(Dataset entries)
========

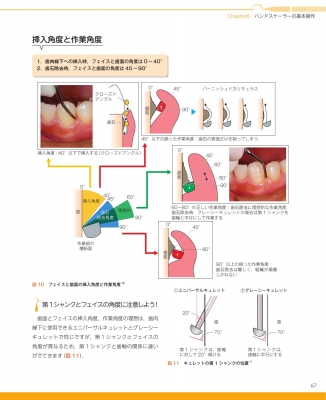 歯周病を治すSRP できる歯科衛生士のスキルと知識 月刊デンタル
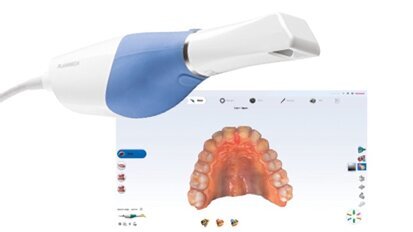 Planmeca Emerald S: escáner de alta velocidad que es fácil de usar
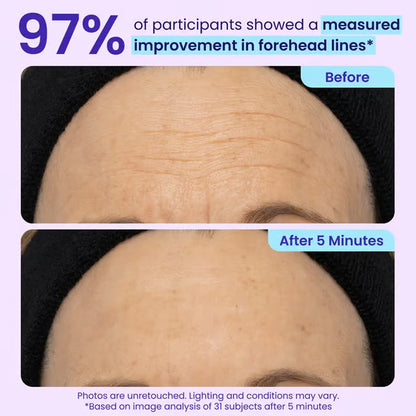 🔥2026 NEW! Instant Firming Eye Gel – Lift, Smooth & De-Puff in Minutes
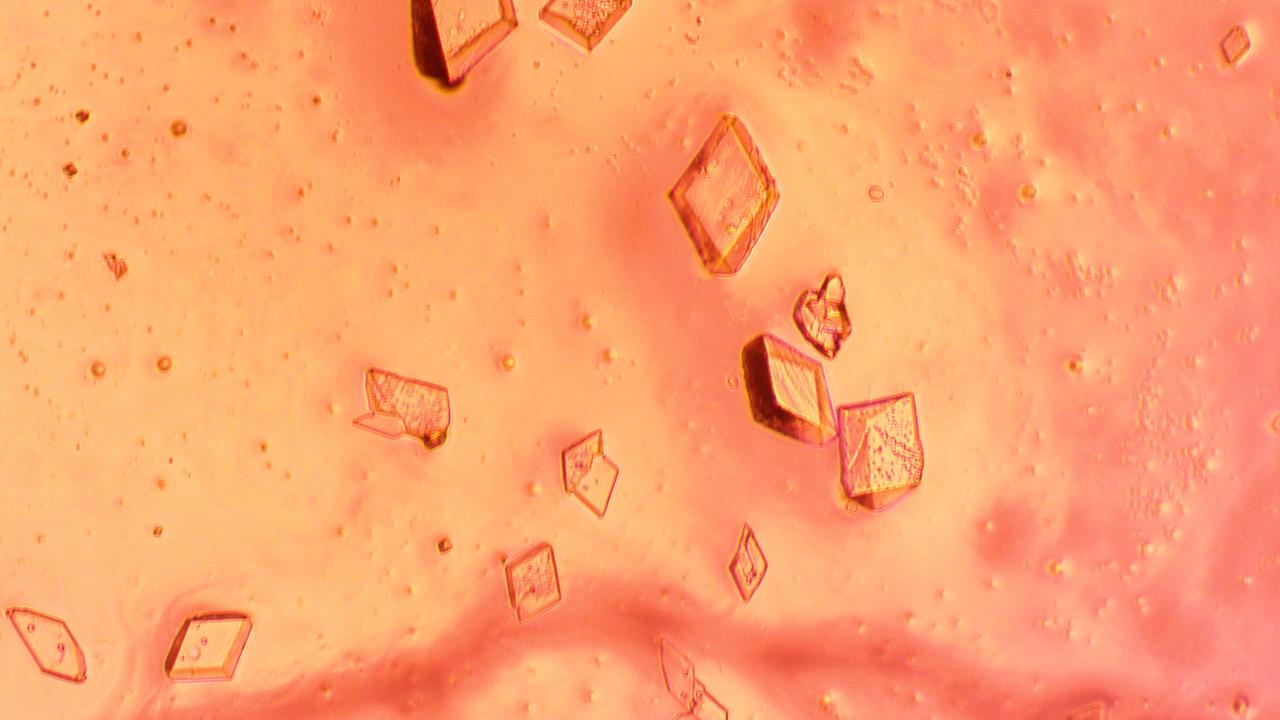 jsc2024e038396 (6/5/2024) --- Insulin crystals grown with Redwire's PIL-BOX aboard the International Space Station. This image was taken after the crystals returned to Earth in April 2024. This control compound helps the body convert food into energy and store it for later use. The ADSEP-PIL-02 investigation aims to study the effect of microgramInsulin crystals grown with Redwire's PIL-BOX aboard the International Space Station. This image was taken after the crystals returned to Earth in April 2024. This control compound helps the body convert food into energy and store it for later use. The In-Space Production Application – Pharmaceutical In-space Laboratory – 02 (InSPA-PIL-02) (ADSEP-PIL-02) investigation aims to study the effect of microgravity on the production of various types of crystals. Image courtesy of Redwire. on the production of various types of crystals. Image courtesy of Redwire.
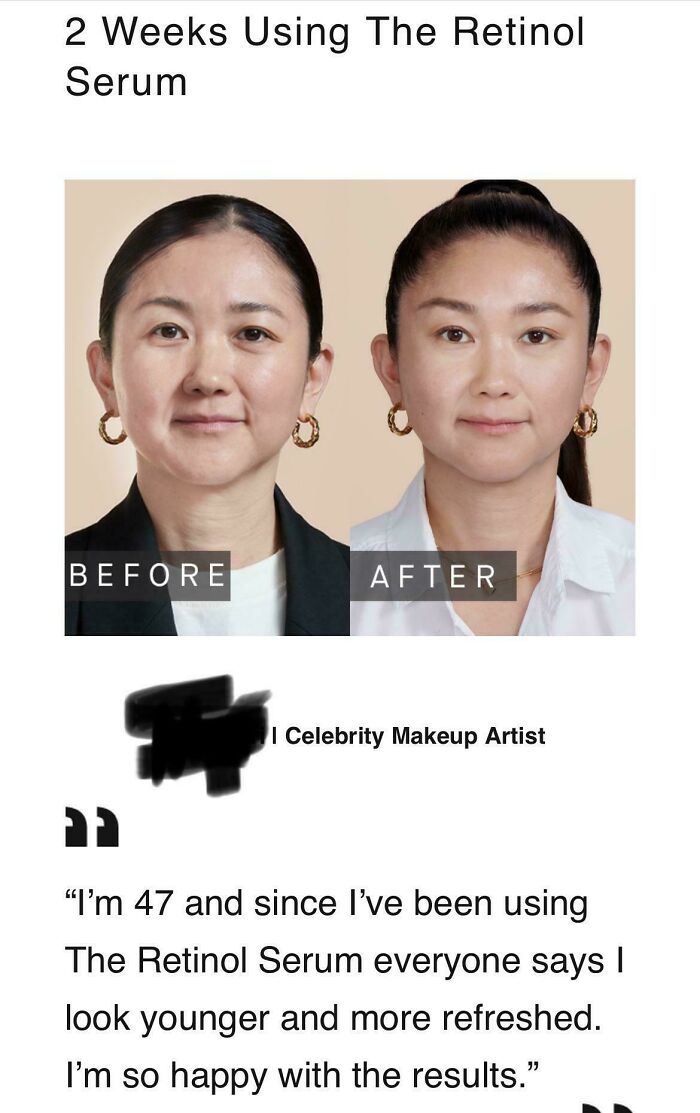 In A Newsletter From A High End Skincare Brand - 2 Weeks Usage 😅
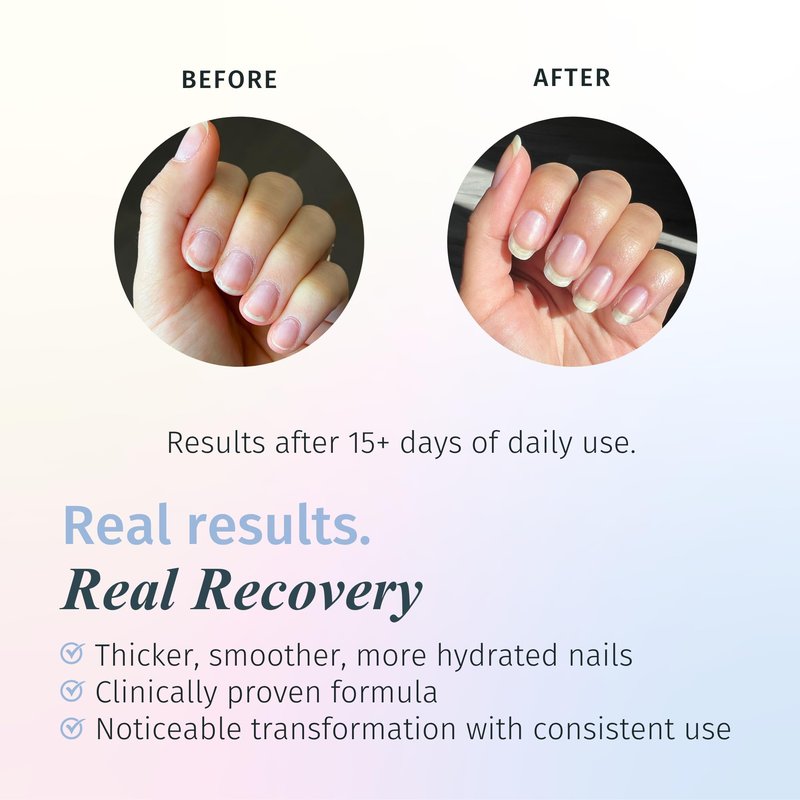 Duri Rejuvacote 1 Nail Growth System - Maximum Strength Nail Strengthener for Damaged Nails from Gel, Acrylic Manicure | Grow Long Natural Fingernails Fast - Rejuvacare Nail Hardener - 0.45 fl. oz.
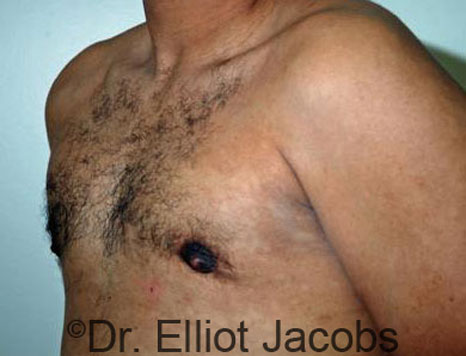 Male breast, after Gynecomastia treatment, l-side oblique view - patient 38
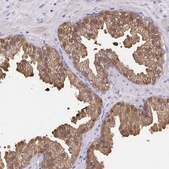 Anti-IDH1 antibody produced in rabbit Prestige Antibodies&#174; Powered by Atlas Antibodies, affinity isolated antibody, buffered aqueous glycerol solution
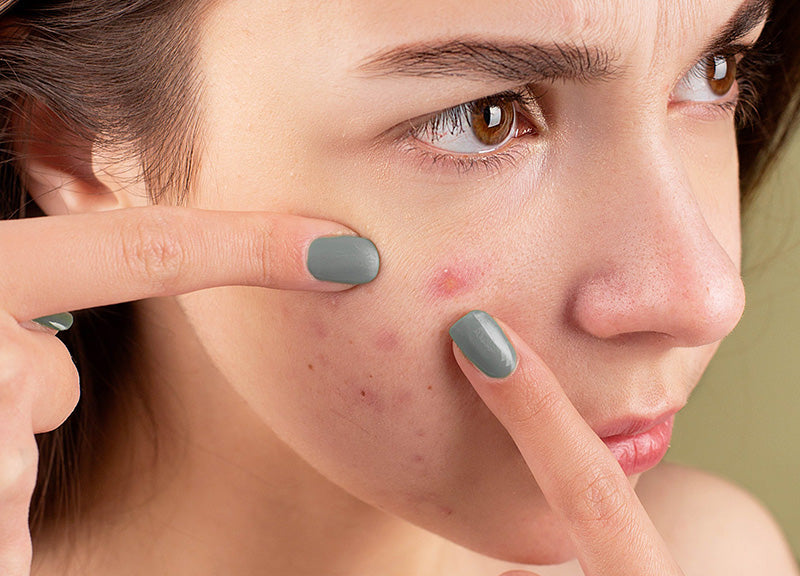 Busting Acne Myths: Separating Fact from Fiction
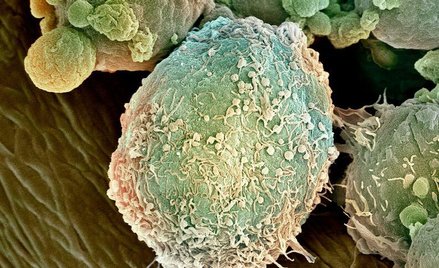 Komórka chłoniaka pod mikroskopem elektronowym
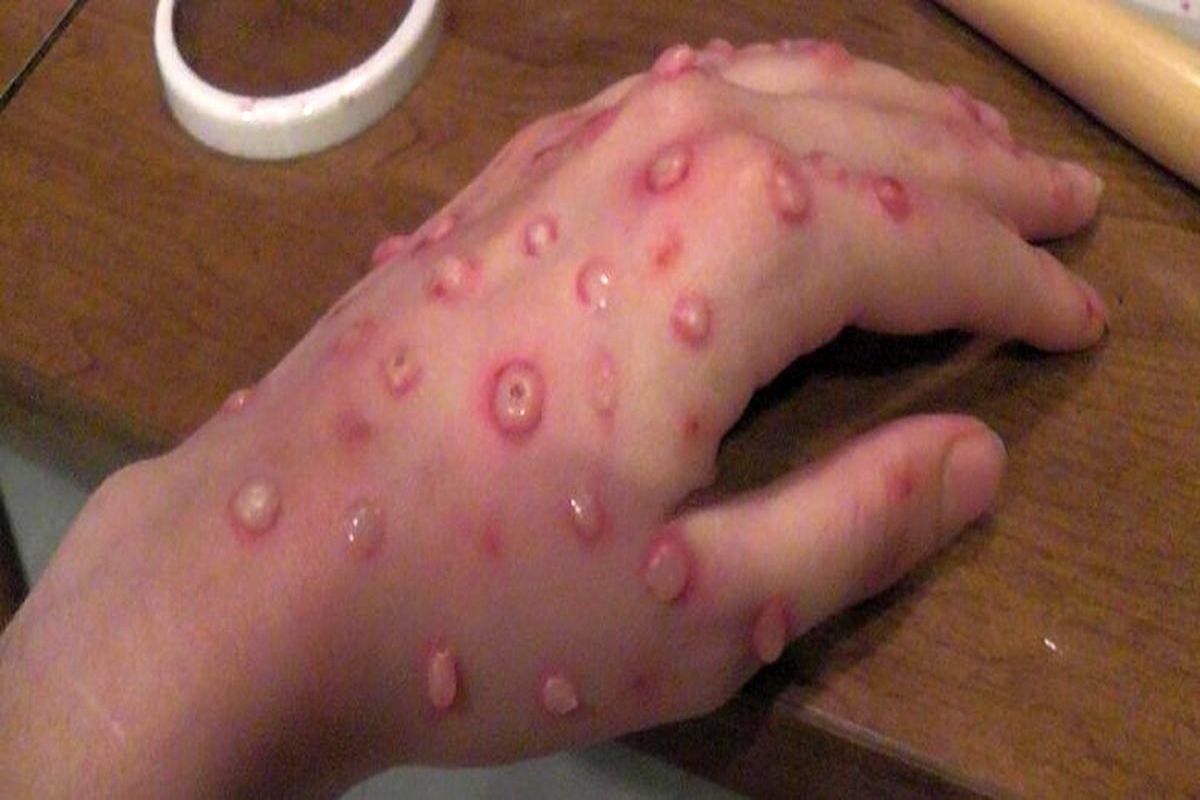 آبله میمونی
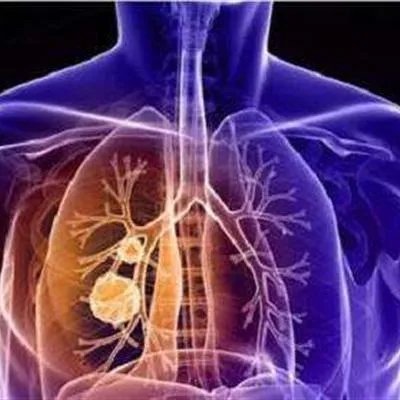 肺鳞癌手术大概多少钱?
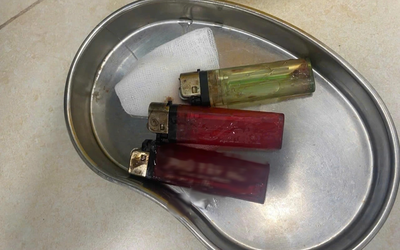 Bác sĩ sốc khi phát hiện 3 chiếc bật lửa trong bụng nam thanh niên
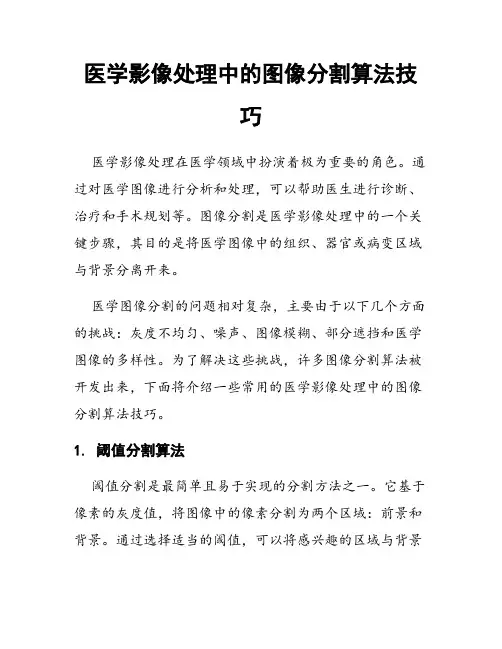 医学影像处理中的图像分割算法技巧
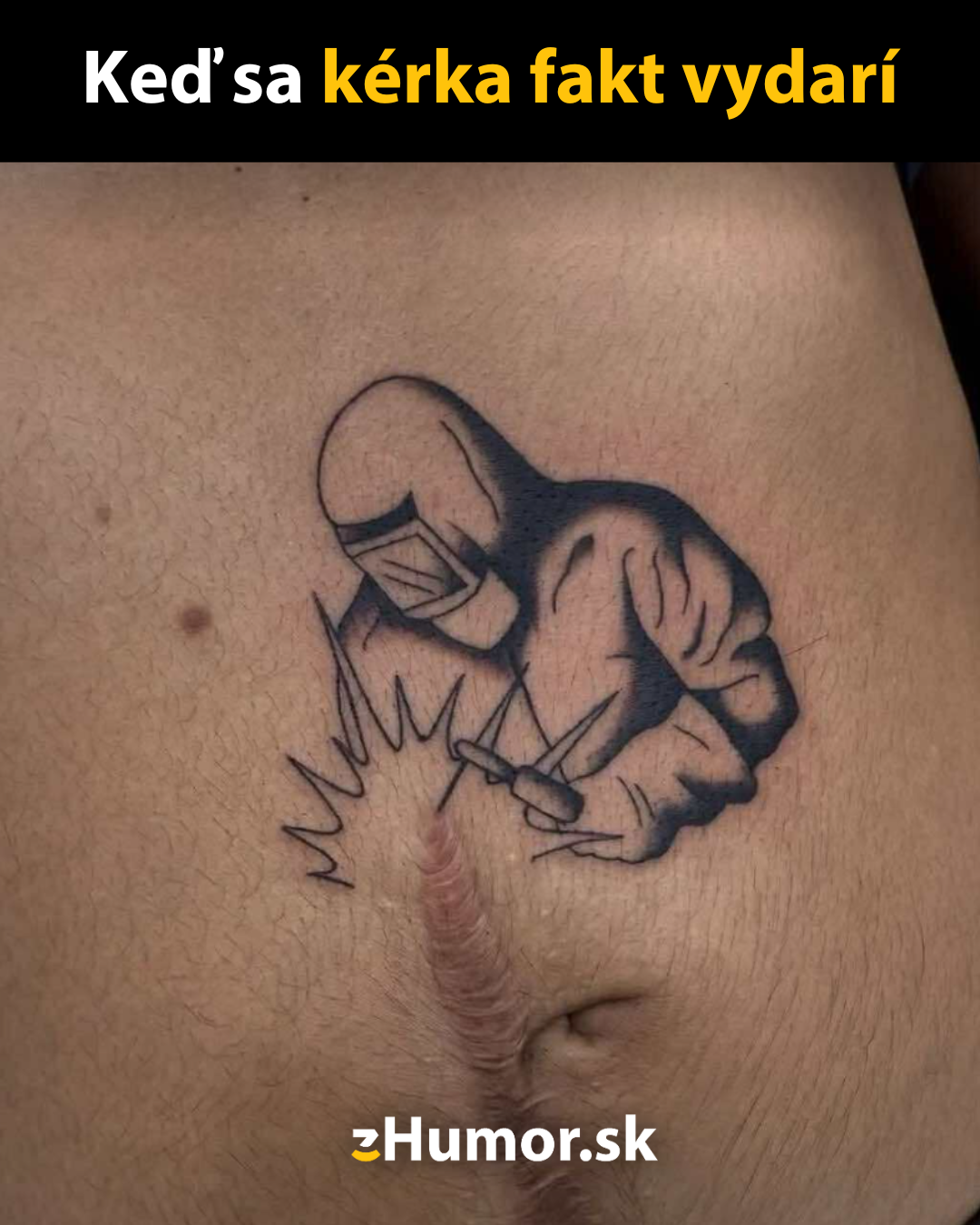 Tetovanie zvárača na koži so zjazvou, vytvárajúce ilúziu zvárania jazvy.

========

### TASK DIRECTIONS
Take the lines above from the top of the records through the one with "In A Newsletter" and repeat them exactly, without any pictures.

### ANSWER SPACE
 歯周病を治すSRP できる歯科衛生士のスキルと知識 月刊デンタル
 Planmeca Emerald S: escáner de alta velocidad que es fácil de usar
 🔥2026 NEW! Instant Firming Eye Gel – Lift, Smooth & De-Puff in Minutes
 jsc2024e038396 (6/5/2024) --- Insulin crystals grown with Redwire's PIL-BOX aboard the International Space Station. This image was taken after the crystals returned to Earth in April 2024. This control compound helps the body convert food into energy and store it for later use. The ADSEP-PIL-02 investigation aims to study the effect of microgramInsulin crystals grown with Redwire's PIL-BOX aboard the International Space Station. This image was taken after the crystals returned to Earth in April 2024. This control compound helps the body convert food into energy and store it for later use. The In-Space Production Application – Pharmaceutical In-space Laboratory – 02 (InSPA-PIL-02) (ADSEP-PIL-02) investigation aims to study the effect of microgravity on the production of various types of crystals. Image courtesy of Redwire. on the production of various types of crystals. Image courtesy of Redwire.
 In A Newsletter From A High End Skincare Brand - 2 Weeks Usage 😅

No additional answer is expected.